Could you repeat exactly the lines below, from the line containing "This screen shot" through the last one, both included, while leaving out any pictures?

## Records provided
/---

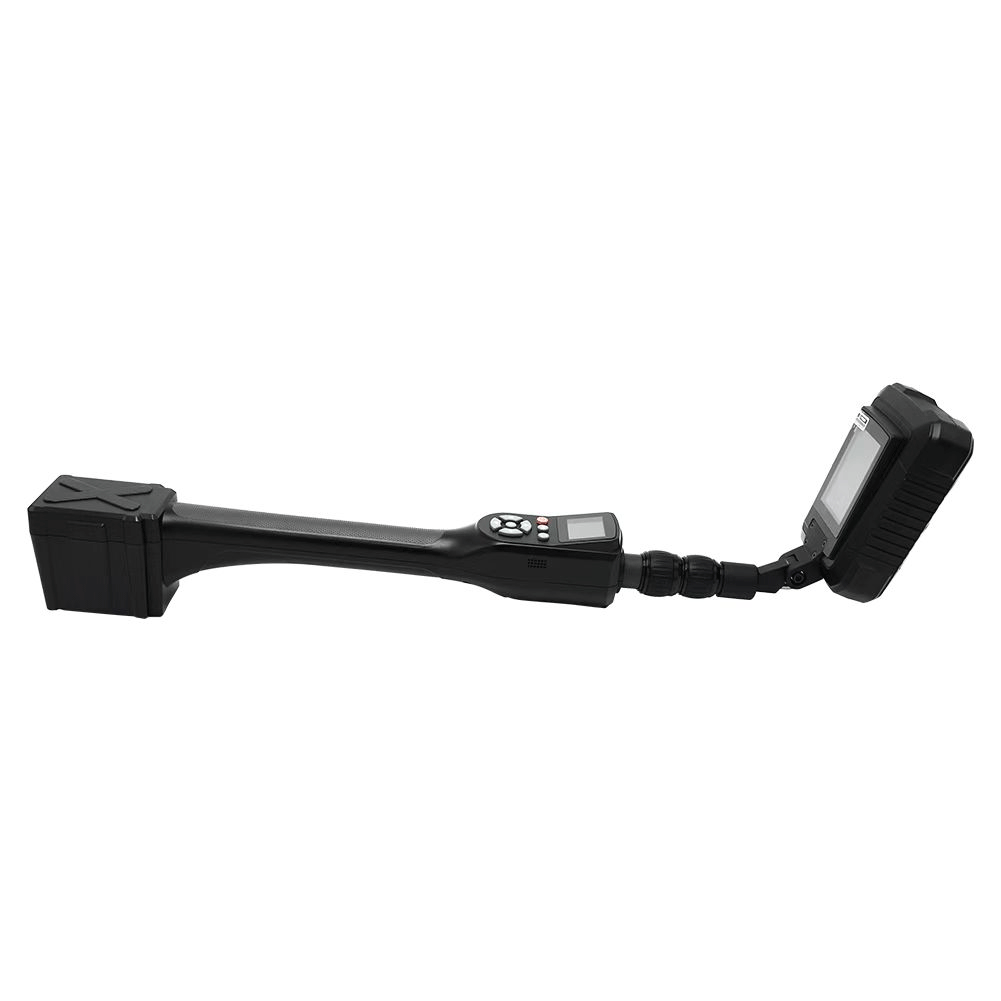 美女的隐藏部位是什么图片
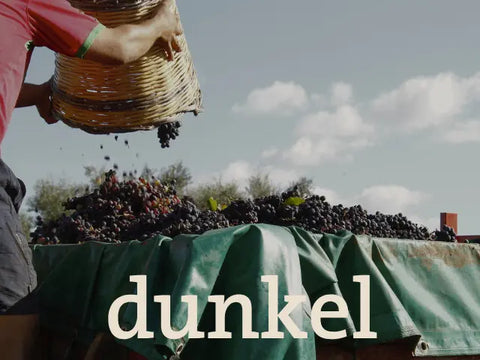 Syrah / Shiraz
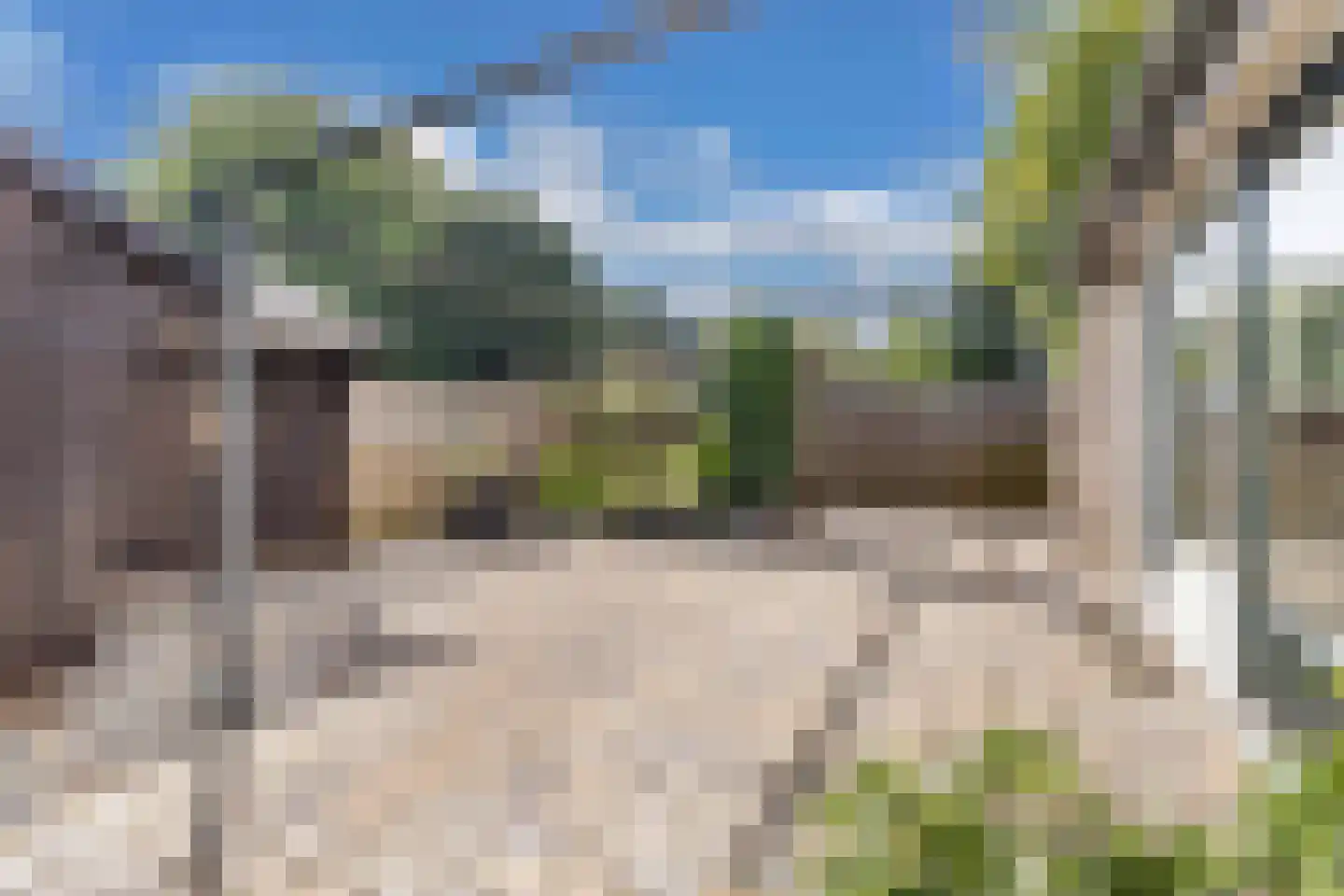 Jellen 2 Sneek thumbnail 38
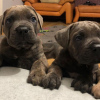 Photo №2 de l'annonce № 121109 de la vente cane corso - acheter à La finlande annonce privée, éleveur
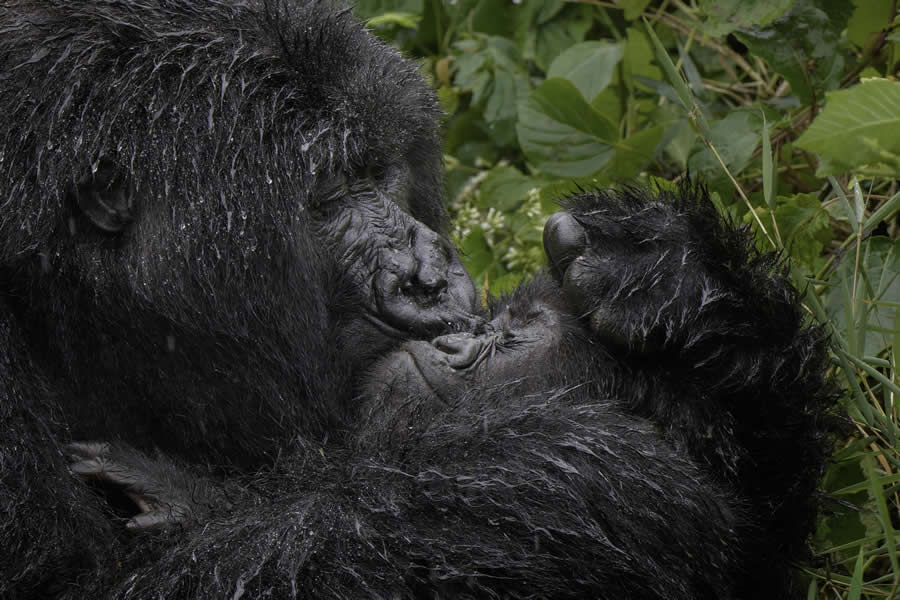 2025 Comedy Wildlife Awards Best Entries
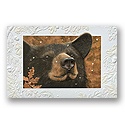 Somethin's Bruin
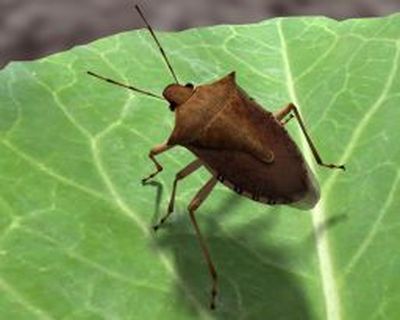 This screen shot portrays the spined soldier bug, a character from the “BugFarm” video game.Courtesy of “BugFarm” (Courtesy of “BugFarm” / The Spokesman-Review)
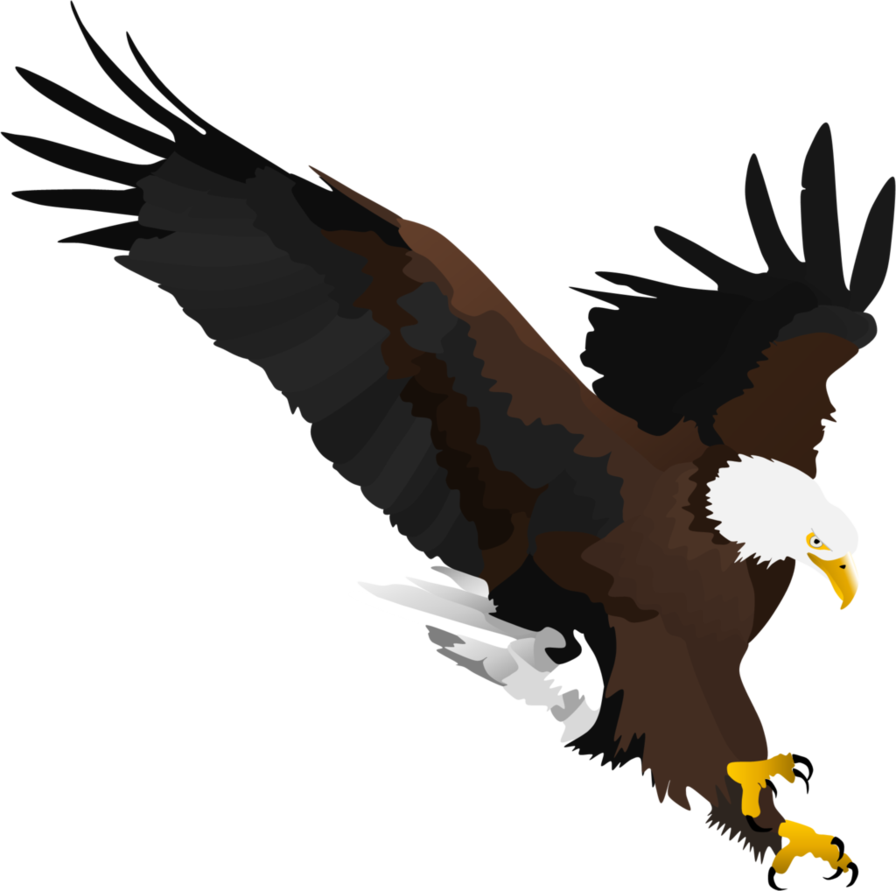 Bald Eagle By Fox-shade - Golden Eagle (896x891)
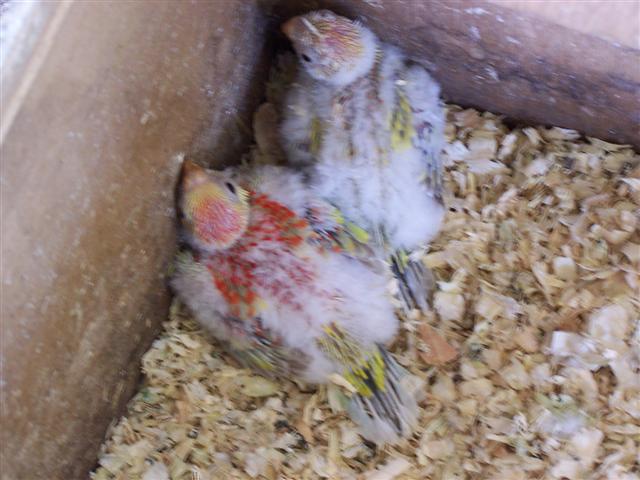 images prope elevage. 003 (Small).jpg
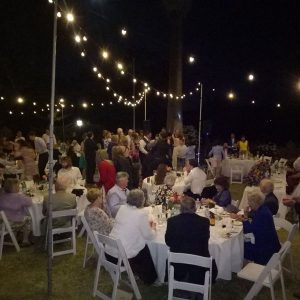 Wedding guests at tables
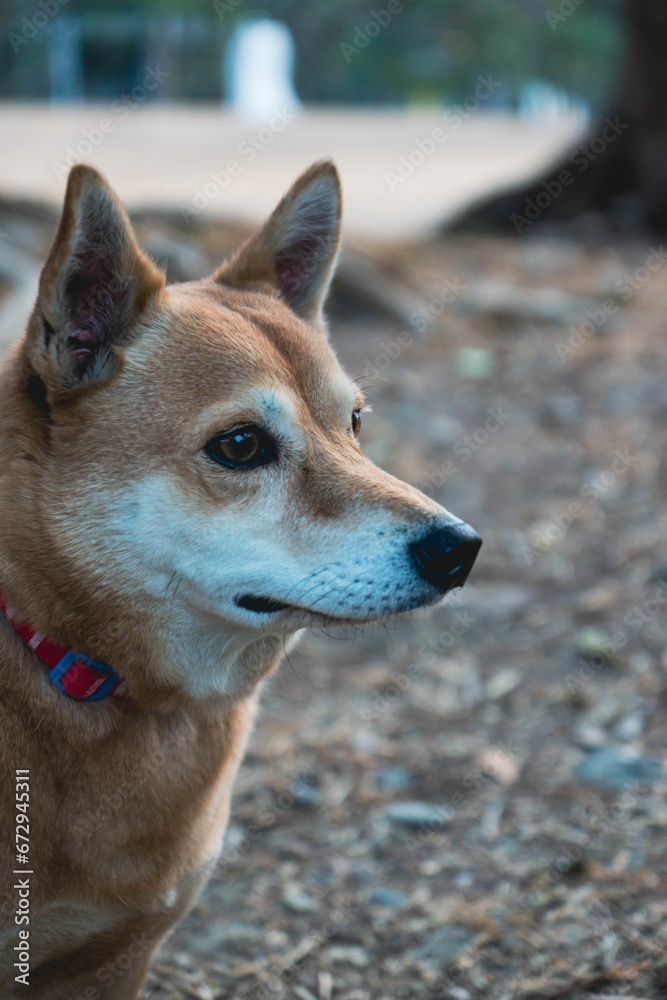 Closeup of a brown domestic dog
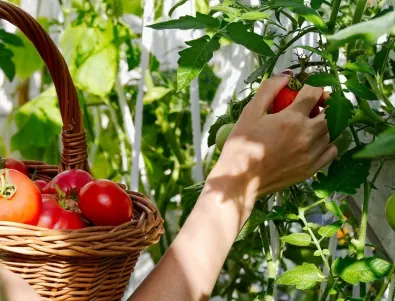 Не забравяйте тази ключова стъпка при торенето на доматите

\---

## Answer to the exercise
 This screen shot portrays the spined soldier bug, a character from the “BugFarm” video game.Courtesy of “BugFarm” (Courtesy of “BugFarm” / The Spokesman-Review)
 Bald Eagle By Fox-shade - Golden Eagle (896x891)
 images prope elevage. 003 (Small).jpg
 Wedding guests at tables
 Closeup of a brown domestic dog
 Не забравяйте тази ключова стъпка при торенето на доматите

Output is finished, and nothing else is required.